Published online by Cambridge University Press: 12 January 2010
THE preceding chapters have been motivated by two rather different objectives. In one sense, they have sought – particularly through the case studies – to further our understanding of a major policy issue facing contemporary China: the reform of the state industrial sector. By illustrating the depth and complexity of the problem, the analysis has attempted to present a somewhat different face of China – neither the rising economic giant nor potential economic competitor often portrayed in the West, but rather a troubled transitional nation confronting absolutely awesome obstacles in its path to development. In a second sense, these chapters have sought to provide an alternative conceptual framework for understanding postsocialist reform in general, an approach that challenges popular notions of privatization and property-rights restructuring. Yet, what really are the implications of the theoretical and descriptive threads of the study? How do they change our broader understanding of East Asian development, and our specific image of China?

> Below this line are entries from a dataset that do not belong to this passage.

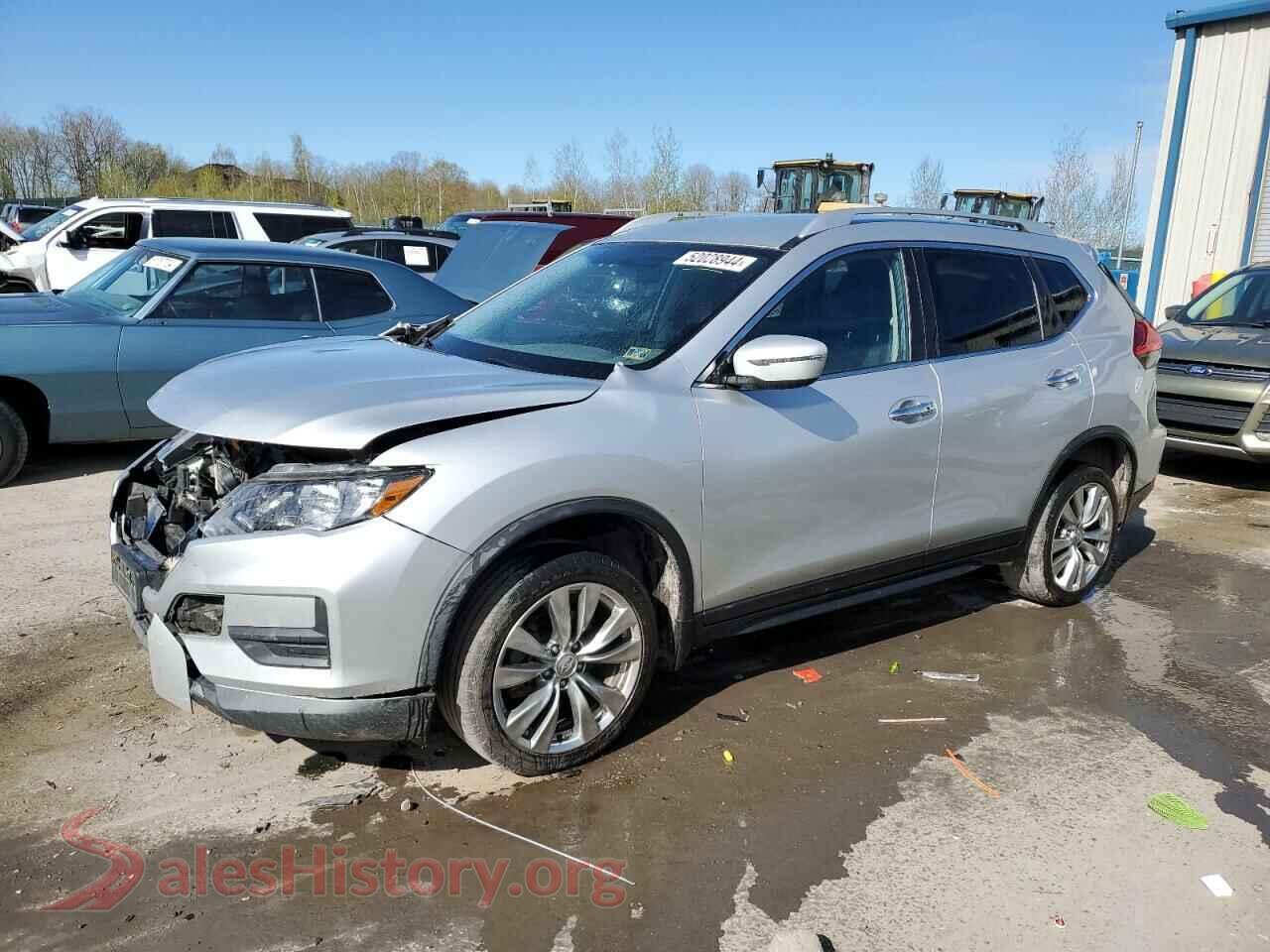 2017 NISSAN ROGUE — VIN KNMAT2MV2HP612037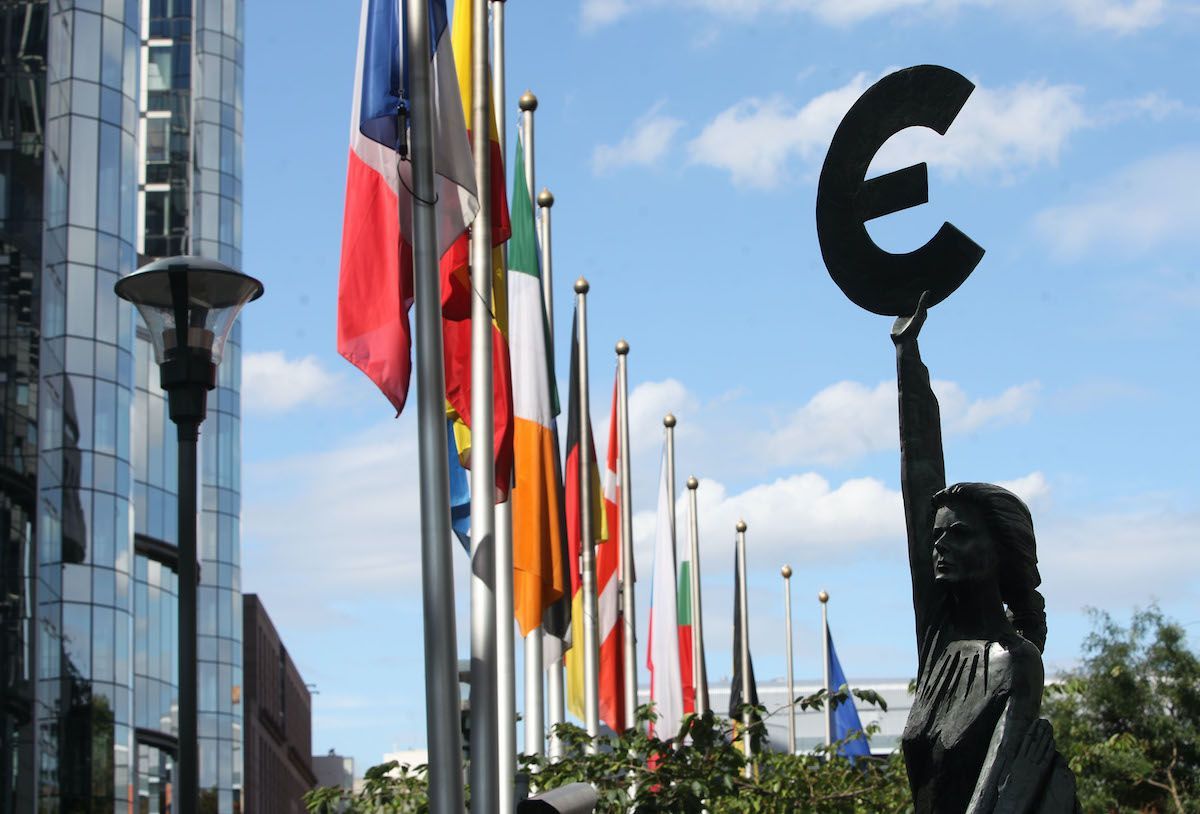 Bruxelles parlamento europeo euro bandiere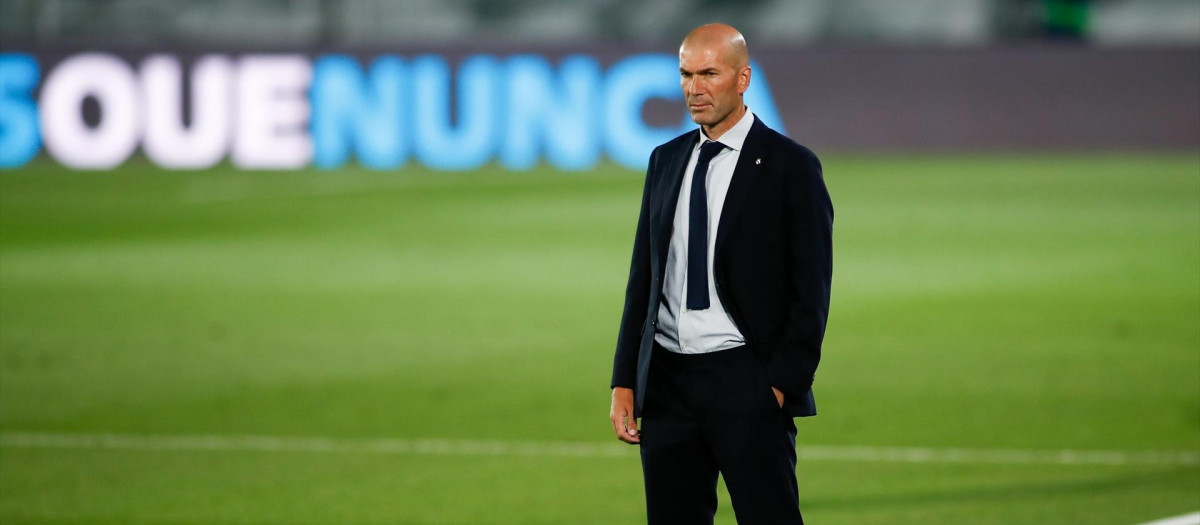 Zinedine Zidane, en un partido durante su etapa como entrenador del Real Madrid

THE CONSTRAINTS-BASED APPROACH
This study has made some general assumptions about economic behavior; it has assumed that, given the certain degree of freedom and autonomy that exists in any system, entrepreneurs will always rise up to capture opportunities to amass wealth and benefits. The interesting question, however, involves determining how the combination of constraints and incentives in any given system influences the form that this entrepreneurial behavior takes. Do economic producers, particularly the most entrepreneurial ones, seek personal gain through value-enhancing or, alternatively, value-subtracting means?